### WORK ITEM
Beginning with the line where "HOT ROD COUPE" appears, repeat every remaining line of the entries exactly, the last line included.

### INPUT RECORDS
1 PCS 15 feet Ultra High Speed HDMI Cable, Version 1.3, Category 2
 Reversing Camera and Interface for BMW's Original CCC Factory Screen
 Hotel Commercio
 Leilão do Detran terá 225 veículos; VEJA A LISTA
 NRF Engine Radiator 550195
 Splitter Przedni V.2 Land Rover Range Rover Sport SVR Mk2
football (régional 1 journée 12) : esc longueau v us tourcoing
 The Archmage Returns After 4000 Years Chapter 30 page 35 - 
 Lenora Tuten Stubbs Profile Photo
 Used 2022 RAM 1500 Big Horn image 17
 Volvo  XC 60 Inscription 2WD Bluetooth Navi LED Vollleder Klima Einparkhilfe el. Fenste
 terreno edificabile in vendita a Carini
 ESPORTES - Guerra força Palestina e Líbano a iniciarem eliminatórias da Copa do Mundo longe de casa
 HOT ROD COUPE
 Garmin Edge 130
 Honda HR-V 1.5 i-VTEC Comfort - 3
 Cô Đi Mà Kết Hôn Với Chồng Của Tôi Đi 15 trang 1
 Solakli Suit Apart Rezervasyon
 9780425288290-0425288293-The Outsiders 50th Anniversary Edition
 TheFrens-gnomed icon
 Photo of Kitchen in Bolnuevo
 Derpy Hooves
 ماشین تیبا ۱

### ANSWER SPACE
 HOT ROD COUPE
 Garmin Edge 130
 Honda HR-V 1.5 i-VTEC Comfort - 3
 Cô Đi Mà Kết Hôn Với Chồng Của Tôi Đi 15 trang 1
 Solakli Suit Apart Rezervasyon
 9780425288290-0425288293-The Outsiders 50th Anniversary Edition
 TheFrens-gnomed icon
 Photo of Kitchen in Bolnuevo
 Derpy Hooves
 ماشین تیبا ۱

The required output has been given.